Abstract A cost‐effective and highly efficient oxygen evolution reaction (OER) electrocatalyst will be significant for the future energy scenario. The emergence of the core–shell heterostructure has invoked new feasibilities to inspire the full potential of non‐precious‐metal candidates. The shells always have a large thickness, affording robust mechanical properties under harsh reaction conditions, which limits the full exposure of active sites with highly intrinsic reactivity and extrinsic physicochemical characters for optimal performance. Herein, a nanosized CoNi hydroxide@hydroxysulfide core–shell heterostructure is fabricated via an ethanol‐modified surface sulfurization method. Such a synthetic strategy is demonstrated to be effective in controllably fabricating a core–shell heterostructure with an ultrathin shell (4 nm) and favorable exposure of active sites, resulting in a moderately regulated electronic structure, remarkably facilitated charge transfer, fully exposed active sites, and a strongly coupled heterointerface for energy electrocatalysis.

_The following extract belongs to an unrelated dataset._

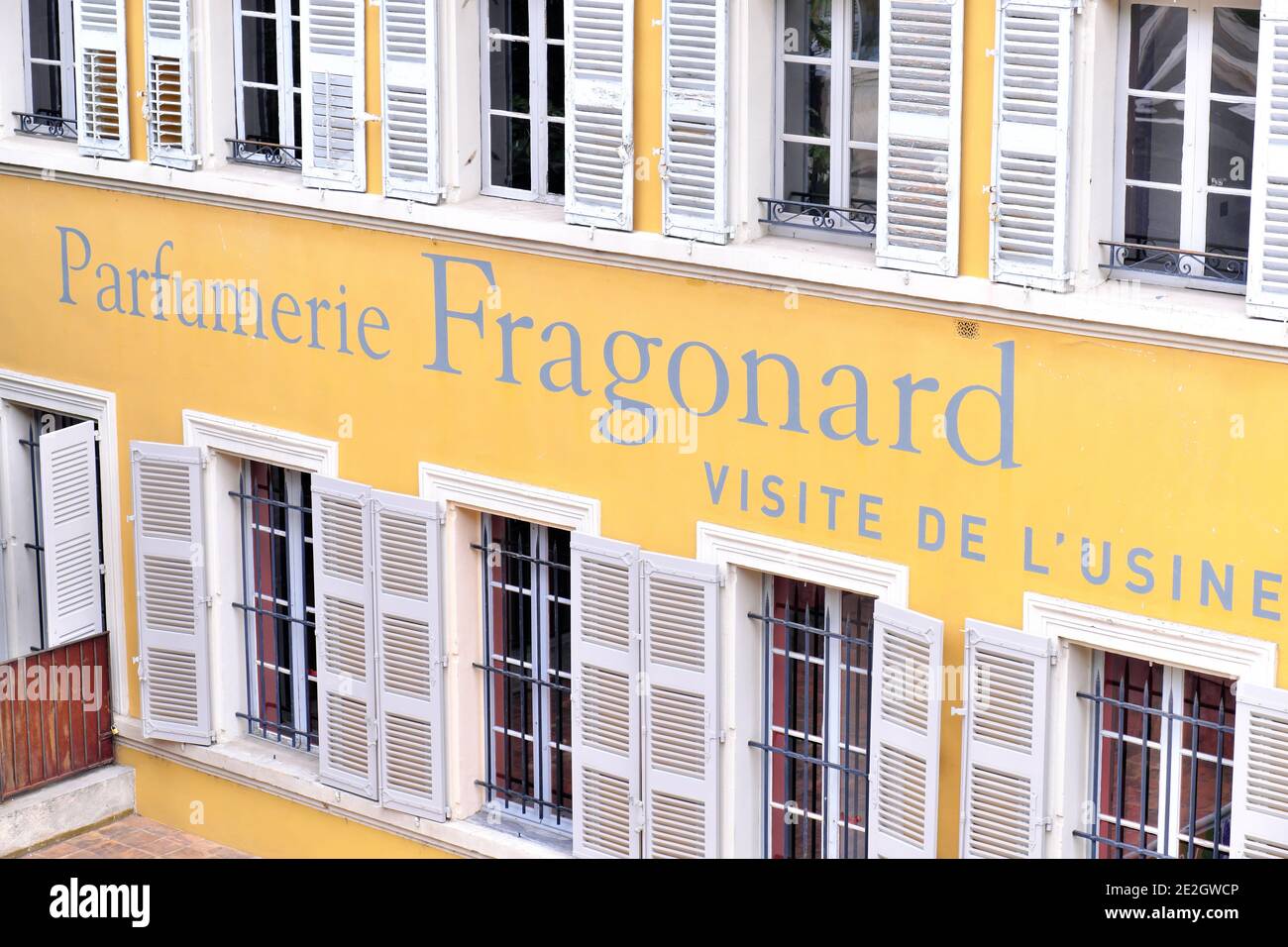 Grasse (Südostfrankreich): Fragonard Parfumeur. Das Internationale Parfümmuseum in der Parfümhauptstadt der Welt Stockfoto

Consequently, the as‐obtained hydroxide@hydroxysulfide core–shell is revealed as a superior OER catalyst, with a small overpotential of 274.0 mV required for 10.0 mA cm −2 , a low Tafel slope of 45.0 mV dec −1 , and a favorable long‐term stability in 0.10 M KOH. This work affords fresh concepts and strategies for the design and fabrication of advanced core–shell heterostructures, and thus opens up new avenues for the targeted development of high‐performance energy materials.